Le hice saber que me resultaba imposible creer el contenido de su explicación. Se encogió de hombros, como para comunicarme que eso no era de su interés. Le pre­gunté entonces por el uso de la palabra «nagual». Men­cioné el hecho de que don Juan me había expuesto que el nagual era el principio indescriptible, la fuente de todo.

—Claro —dijo sonriendo—. Sé lo que quería decir. El nagual se halla en todo.

Le señalé, en un tono un tanto despectivo, que tam­bién se podía aseverar lo contrario: que el tonal está en todo. Me explicó detalladamente que no existía oposi­ción alguna y que mi declaración era correcta; que el to­nal también se encuentra en todo. Que el tonal es sus­ceptible de ser fácilmente aprehendido por nuestros sentidos, en tanto el nagual sólo puede ser captado por el ojo del brujo. Agregó que nos podíamos tropezar con las más extravagantes visiones del tonal, y asustarnos o aterrorizarnos ante ellas, o serles indiferentes, puesto que eran accesibles a todos. Una visión del nagual, por otro lado, requería de los sentidos especializados de un brujo para ser contemplada por entero. Y, sin embargo, tanto el tonal como el nagual estaban presentes en todo siempre. Por tanto, correspondía a un brujo decir que «mirar» consistía en contemplar el tonal presente en to­das las cosas, mientras que «ver» suponía, por su parte, el percibir el nagual, también presente en todas las co­sas. Según ello, si un guerrero contemplaba el mundo como ser humano, estaba mirando; pero si lo hacía como brujo, estaba «viendo», y lo que «veía» debía lla­marse con propiedad «nagual».

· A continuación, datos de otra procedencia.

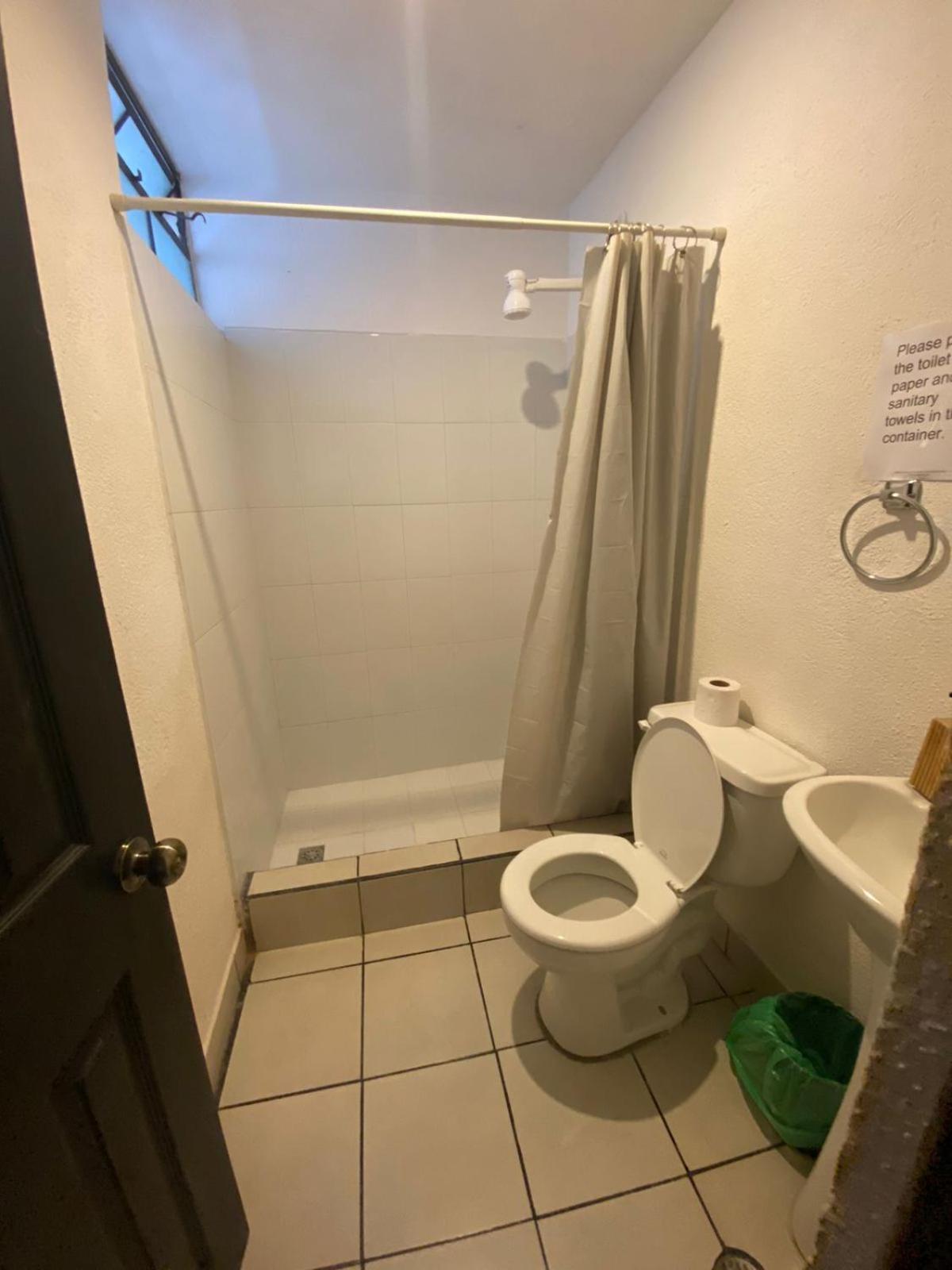 Hostal 17-52 グアテマラシティ エクステリア 写真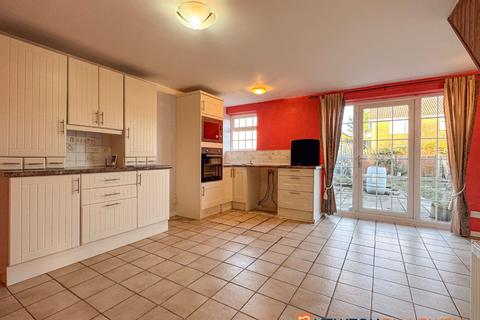 5 Bakewell Close, Balderton, Newark, NG24 3DY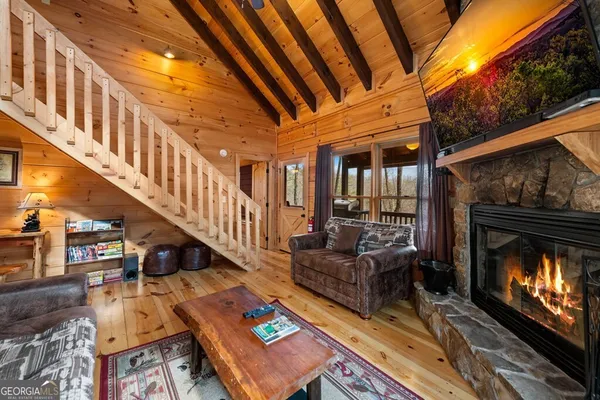 $525,000 | 275 North Moreland Drive, Blue Ridge, GA 30513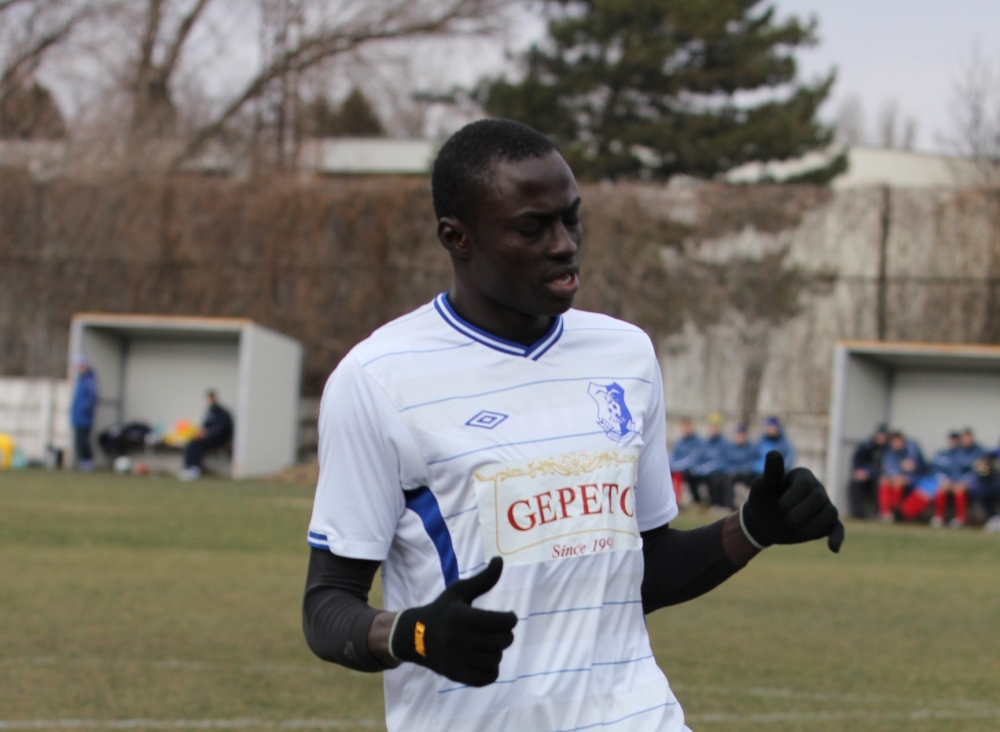 Ousmane Gueye a plecat de la FC Farul - ousmanegueye-1327922700.jpg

Reiteró luego las razones, que ya Néstor me había dado poco antes, por las cuales se llamaba a don Juan «el Nagual», y me confirmó que yo también era el Na­gual debido a la forma que había surgido de mi cabeza.

Quise averiguar por qué habían denominado «doble» a la forma surgida de mi cabeza. Me dijo que habían creído compartir conmigo un chiste que solían hacer. Ellas siempre habían llamado «doble» a la forma, fundándose en que su tamaño doblaba el de la persona que la poseía.

—Néstor me dijo que no era demasiado conveniente disponer de esa forma —dije.

—No es bueno ni malo —replicó—. La tienes y eso te lleva a ser el Nagual. Eso es todo. Uno de nosotros debe ser el Nagual, y te ha correspondido a ti. Podía haber sido Pablito, o yo, o cualquier otro.

—Explícame ahora en qué consiste el arte del acecho.

—El Nagual era un acechador —comenzó, con los ojos clavados en mí—. Ya debes saberlo. Él te enseñó a acechar desde el comienzo.

Se me ocurrió que se refería a lo que don Juan deno­minaba «la caza». Era cierto que me había enseñado a ser cazador. Le comenté que me había indicado cómo cazar y tender trampas. El empleo del término «ace­cho», no obstante, era más apropiado.

—Un cazador se limita a cazar —dijo—. Un acecha­dor lo acecha todo, inclusive a sí mismo.

—¿Cómo lo hace?

—Un acechador impecable lo convierte todo en pre­sa. El Nagual me dijo que es posible llegar a acechar nuestras propias debilidades.

Dejé de escribir y traté de recordar si en alguna opor­tunidad don Juan me había expuesto tan insólita proba­bilidad: la de acechar mis propias debilidades. Nunca le había oído expresarlo en semejantes términos.

—¿Cómo es posible acechar las propias debilidades, Gorda?

—Del mismo modo en que se acecha una presa. Des­cifras tus costumbres hasta conocer todas las conse­cuencias de tu debilidad y te abalanzas sobre ellas y las coges como a conejos en una jaula.

Don Juan me había enseñado lo mismo acerca de los hábitos, pero más como un principio general del cual los cazadores deben ser conscientes. En cambio, la Gor­da lo comprendía y aplicaba en una forma más pragmática que la mía.

Había afirmado que todo hábito era, en esencia, un «hacer»; y un hacer requería todas sus partes para fun­cionar. Si una de ellas faltaba, el hacer resultaba imposible. Para él, cualquier serie coherente y significativa de acciones era un hacer. Dicho en otros términos, una costumbre requería, para constituir una actividad vital, todas sus acciones componentes.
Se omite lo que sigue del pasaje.